All immunohistochemical imaging was performed on a Leica inverted light microscope. Images were exported as raw Leica Image File Format (LIF) files and processed in FIJI (Fiji Is Just ImageJ). The resolution of each image was adjusted to 300 dots per inch, which reflects pixels per inch (DPI) in Photoshop, and all resulting JPEGs were assembled using Adobe Illustrator.

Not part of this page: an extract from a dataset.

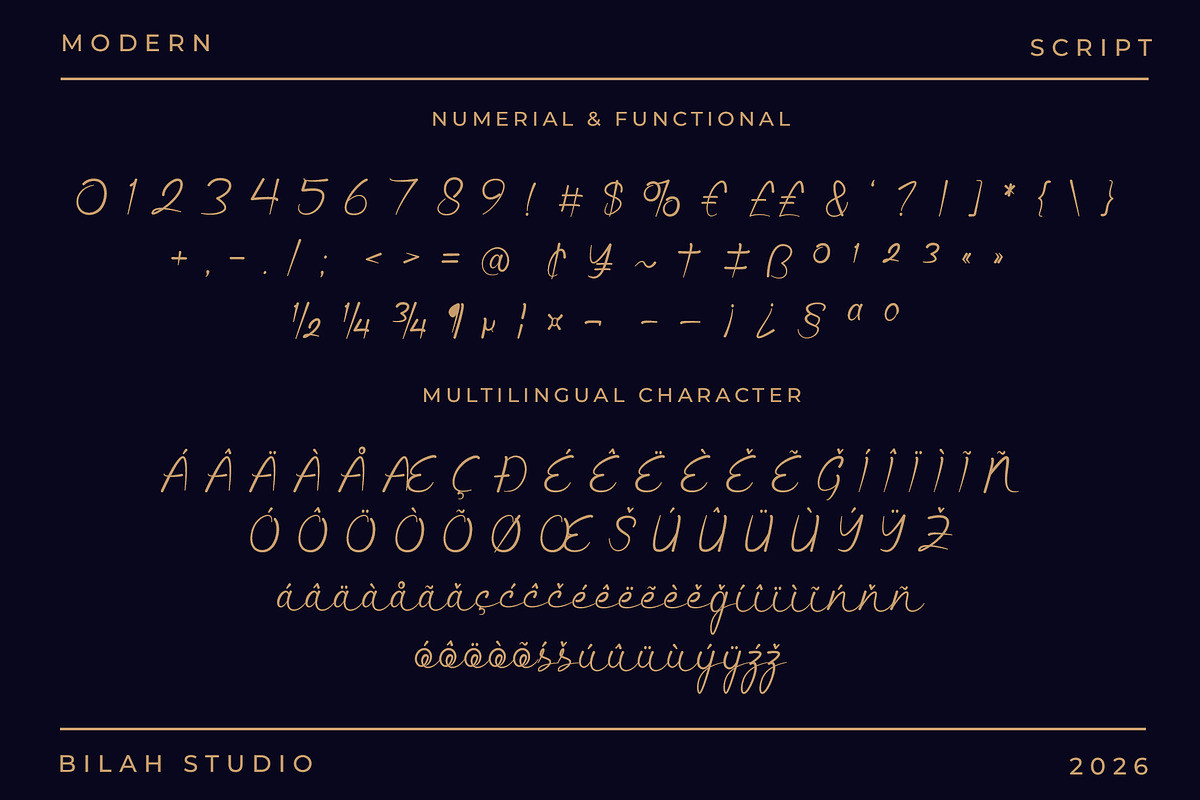 Huansa Modern Script Font, a Script Font by Bilahstudio (Photo 9 of 11)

sTSLIM macro light-sheet microscope
In 2008 we developed a high-resolution microtome/microscope called scanning Thin Sheet Laser Image Microscope (sTSLIM) that can image whole cochleas, nondestructively (33-37). sTSLIM optically sections and digitizes all cochlear tissues to allows for a complete quantitative assessment of normal and pathological structures. The Santi laboratory has used sTSLIM to characterize mouse cochlear development (38), analyze normal spiral ganglion cell number in the mouse (39), and illustrate alterations in cochlear structures in two knock-out mouse models (Atonal homolog1, ATOH1 and N-Myc proto-oncogene protein, N-Myc) (40, 41). Since light scatter and absorption are the greatest limiting factors in resolution, we have performed both tissue engineering (improved transparency and accessibility to antibody labeling through decellularization) and optical engineering (scanned light-sheet, Bessel beam illumination, structured illumination, confocal line detection, and radial sectioning) to improve imaging of large specimens such as the mouse cochlea with portions of the brain attached. Microscope performance will be tested on a regular basis using 150 nm gold fluorescent beads to ensure that the point spread function of the microscope is stable and optimal for reproducible imaging.

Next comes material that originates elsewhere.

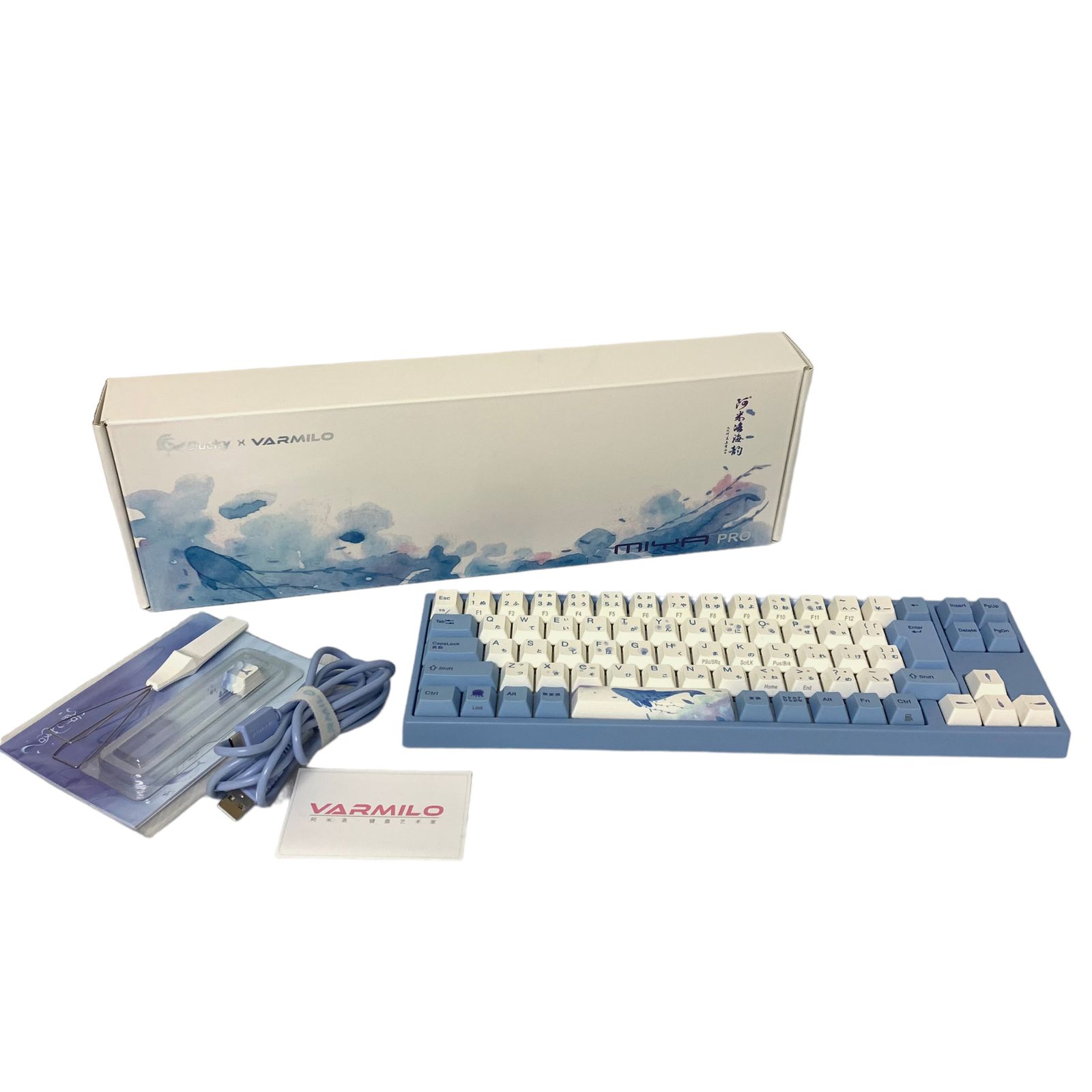 Ducky × VARMILOMiya PROゲーミングキーボード海の音色中古KON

Tissue preparation for sTSLIM
Inner ears processed for sTSLIM were fixed and decalcified (described above) and then underwent a dehydration series in ascending concentrations of ethanol (30%, 50%, 70%, 100% EtOH) and then lightly stained by Rhodamine-B isothiocyante (5mg/mL in 100%) for 1 hour. After rinsing in 100% EtOH, inner ears were cleared to transparency with BABB (benzyl alcohol: benzyl benzoate 1:2), and specimens were mounted to a specimen rod and placed in a BABB-filled chamber for imaging by sTSLIM.
sTSLIM imaging
sTSLIM optically sections non-destructively by moving a thin light sheet in the X- and Z-axes. A z-stack of well-aligned 2D optical sections of the inner ear was automatically imaged with x-axis scanning across the width of the specimen and with a z-step size of 5 µm. At this thickness the whole mouse cochleae contained ~300 images that take ~30 minutes to produce. Images were adjusted for brightness, contrast, and either unsharp masking or deconvolution using ImageJ (National Institutes of Health). The z-stack was then loaded into the Amira 3D program and structures of interest were manually segmented, by drawing along their borders in different colors to prepare 3D reconstructions and volume calculations. Supplemental Fig. 3 shows an example of a 2D optical section through the cochlea and Supplemental Movie 1 shows segmented inner ears rotating horizontally.